TASK:
A verbatim reproduction of the following listing is required; omit the pictures.

STORED DATA:
+--

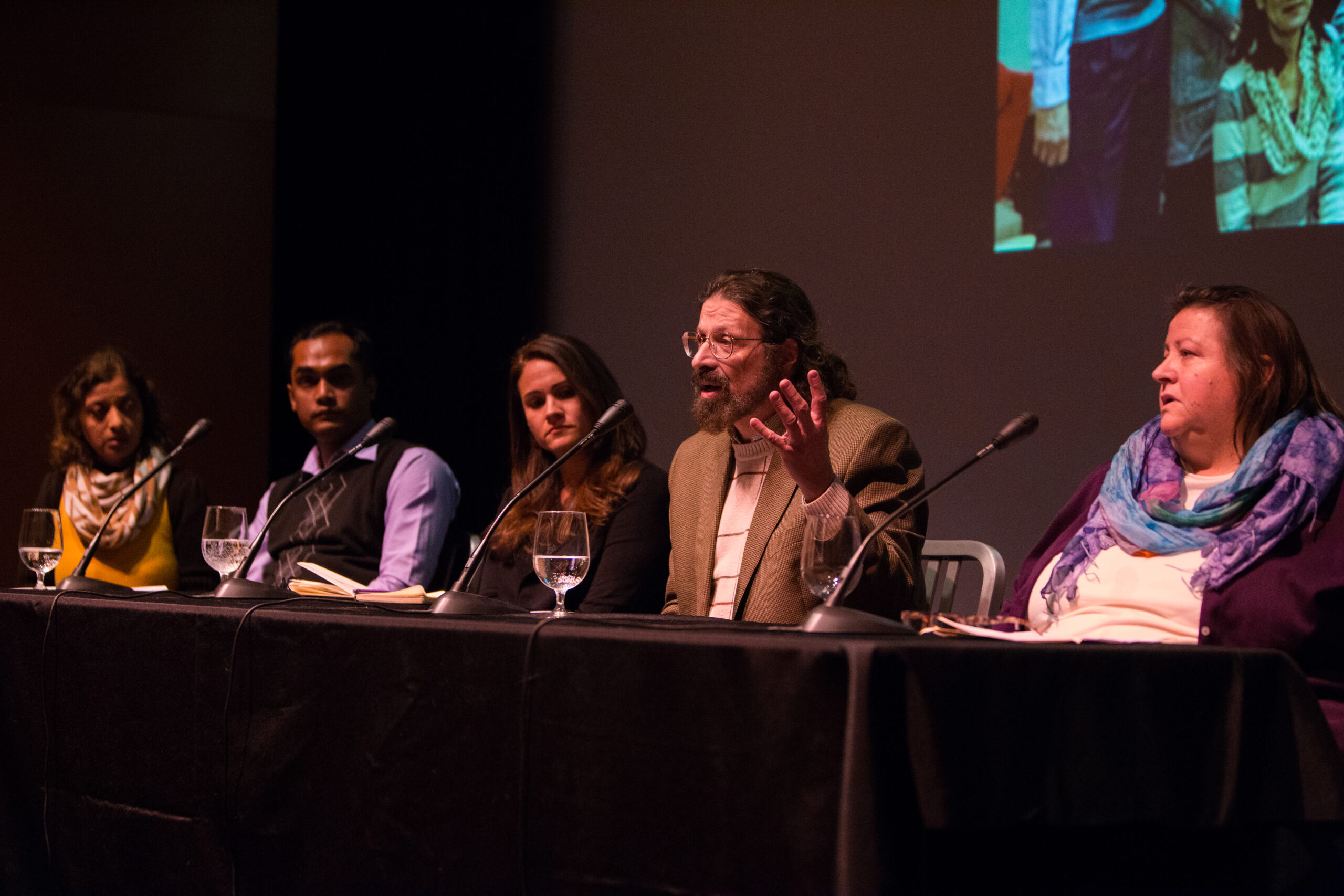 Five panelists sit at a table on stage. One of them is speaking and gesticulating as the others look on.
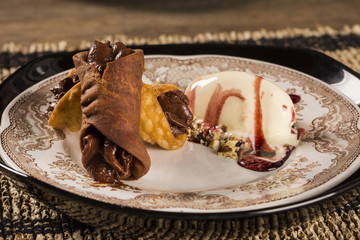 Cannoli with ice cream, chocolate and almonds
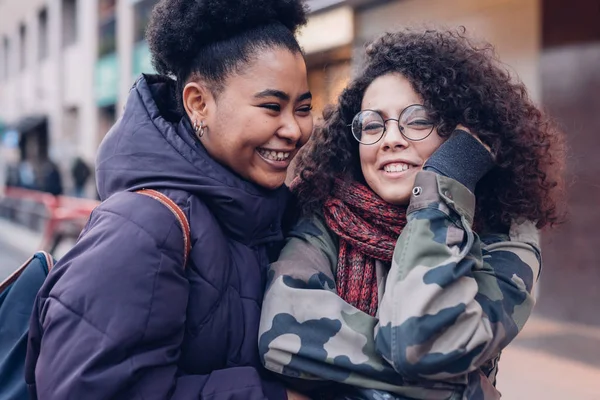 Two youg women hugging in the street — Stock Photo, Image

+--

RESPONSE BELOW:
 Five panelists sit at a table on stage. One of them is speaking and gesticulating as the others look on.
 Cannoli with ice cream, chocolate and almonds
 Two youg women hugging in the street — Stock Photo, Image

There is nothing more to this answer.